AIM OF THE EXERCISE >> Take from the entries below the stretch from the line with "The Tribune India" through the line with "For Samsung Galaxy", and return it exactly, leaving the pictures out.

SOURCE DATA >>
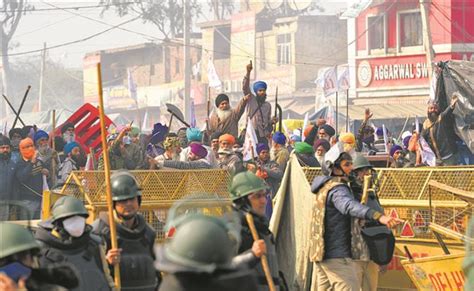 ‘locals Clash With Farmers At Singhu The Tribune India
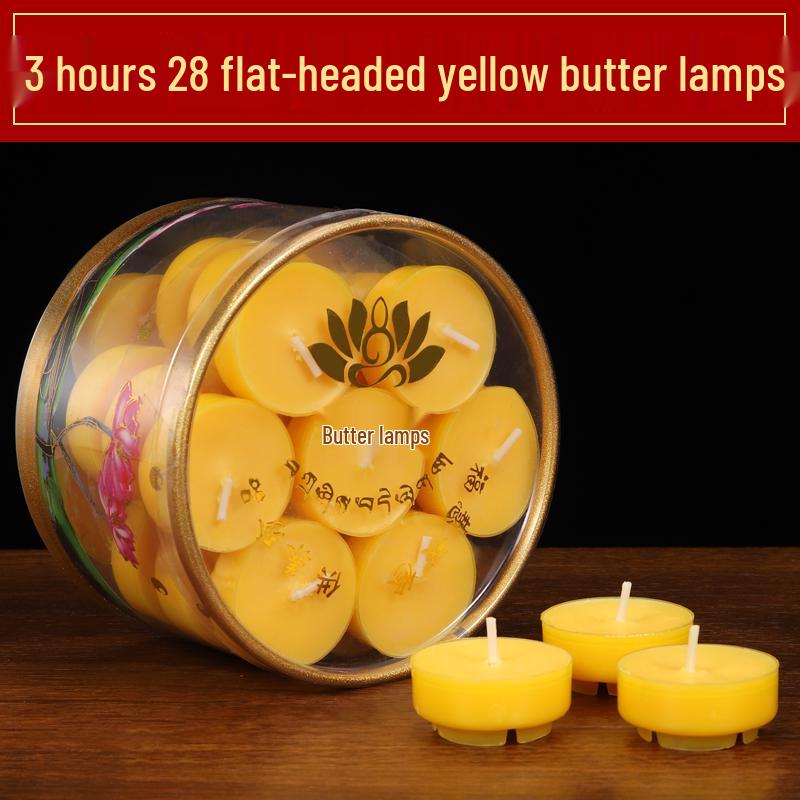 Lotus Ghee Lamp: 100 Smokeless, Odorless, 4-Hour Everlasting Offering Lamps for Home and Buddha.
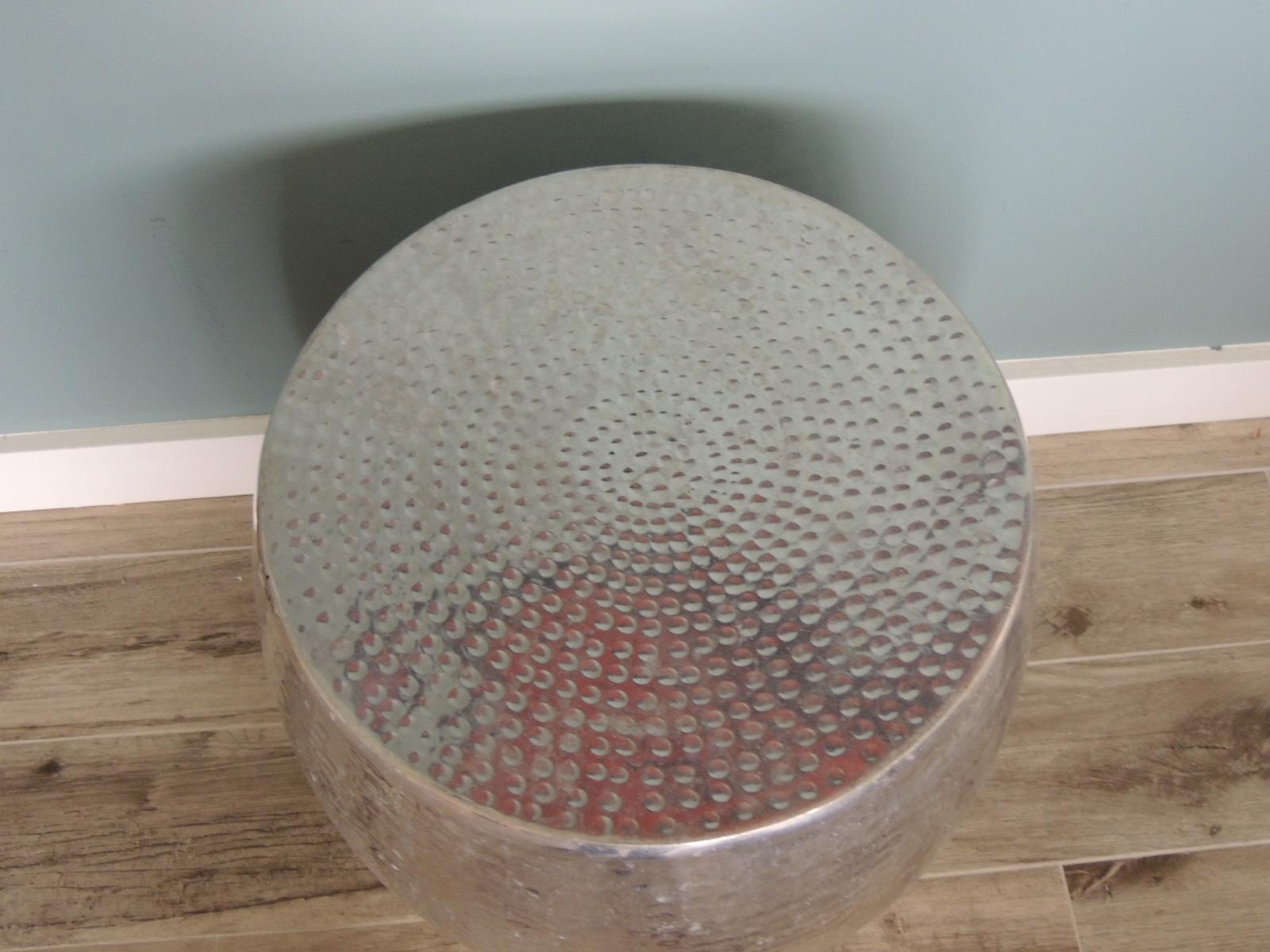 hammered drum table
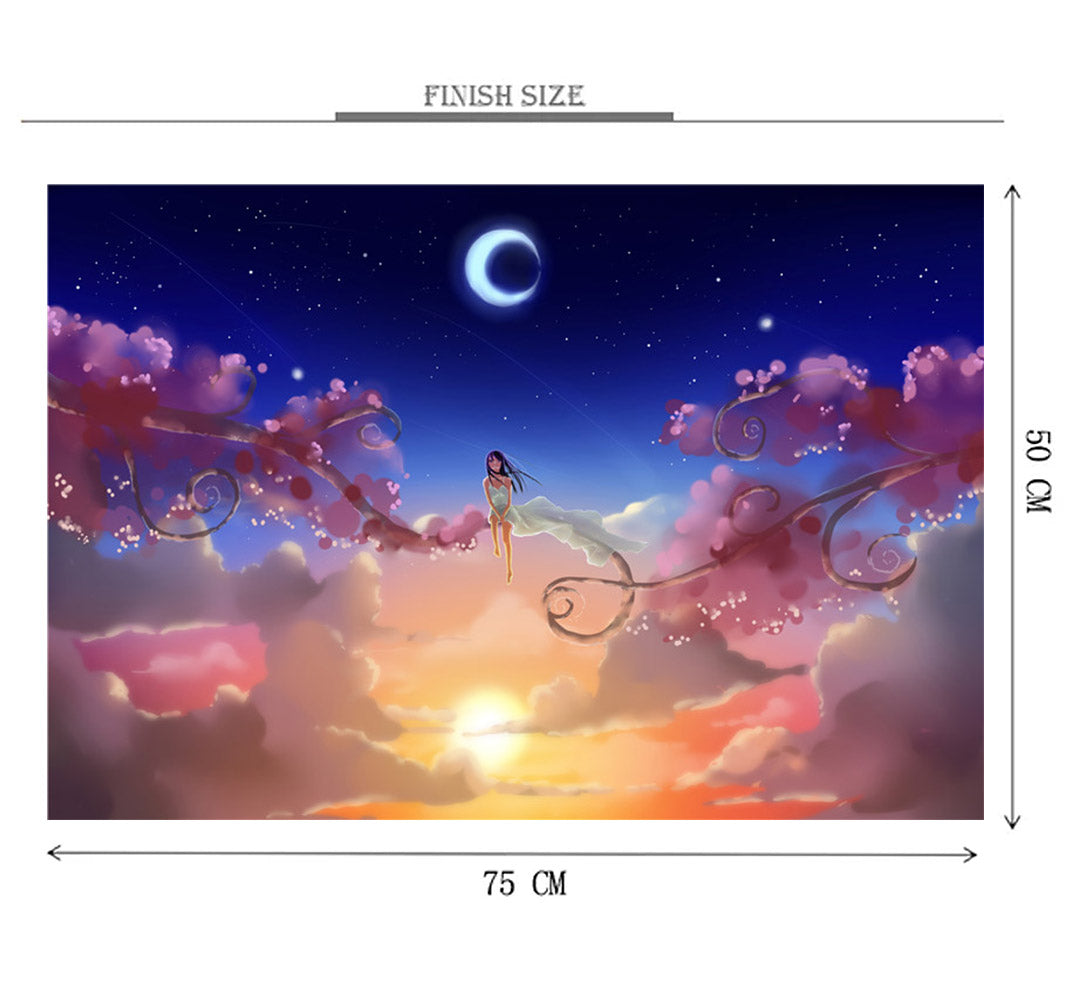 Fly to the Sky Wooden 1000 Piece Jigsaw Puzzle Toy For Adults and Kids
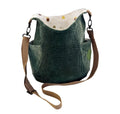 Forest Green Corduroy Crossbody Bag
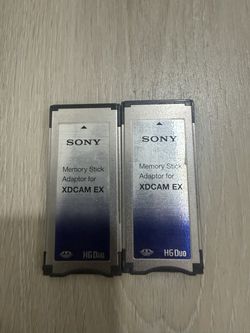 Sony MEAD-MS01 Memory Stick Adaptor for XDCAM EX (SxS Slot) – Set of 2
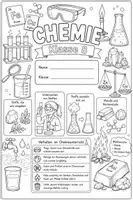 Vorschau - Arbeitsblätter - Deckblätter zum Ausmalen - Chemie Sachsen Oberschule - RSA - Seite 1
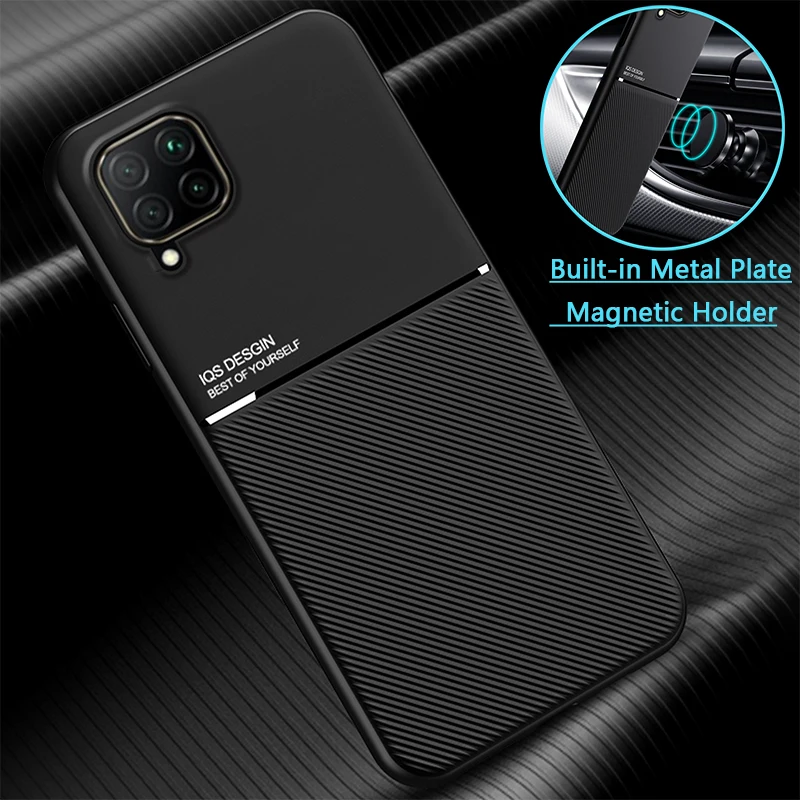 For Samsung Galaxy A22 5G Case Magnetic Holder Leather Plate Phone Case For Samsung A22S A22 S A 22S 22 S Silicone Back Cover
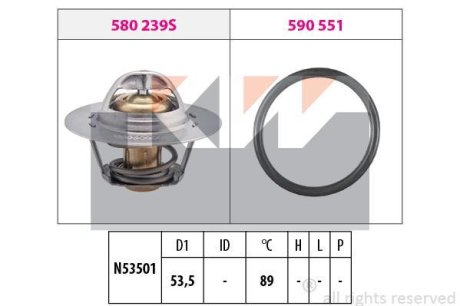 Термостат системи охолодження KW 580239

==

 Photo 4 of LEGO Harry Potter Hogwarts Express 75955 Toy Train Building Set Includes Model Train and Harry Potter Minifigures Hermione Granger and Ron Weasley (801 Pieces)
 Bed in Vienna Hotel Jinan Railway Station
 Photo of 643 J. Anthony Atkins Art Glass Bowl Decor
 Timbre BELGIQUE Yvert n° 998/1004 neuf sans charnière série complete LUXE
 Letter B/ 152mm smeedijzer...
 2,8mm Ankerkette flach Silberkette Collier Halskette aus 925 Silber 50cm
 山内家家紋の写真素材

YOUR SOLUTION >>
 ‘locals Clash With Farmers At Singhu The Tribune India
 Lotus Ghee Lamp: 100 Smokeless, Odorless, 4-Hour Everlasting Offering Lamps for Home and Buddha.
 hammered drum table
 Fly to the Sky Wooden 1000 Piece Jigsaw Puzzle Toy For Adults and Kids
 Forest Green Corduroy Crossbody Bag
 Sony MEAD-MS01 Memory Stick Adaptor for XDCAM EX (SxS Slot) – Set of 2
 Vorschau - Arbeitsblätter - Deckblätter zum Ausmalen - Chemie Sachsen Oberschule - RSA - Seite 1
 For Samsung Galaxy A22 5G Case Magnetic Holder Leather Plate Phone Case For Samsung A22S A22 S A 22S 22 S Silicone Back Cover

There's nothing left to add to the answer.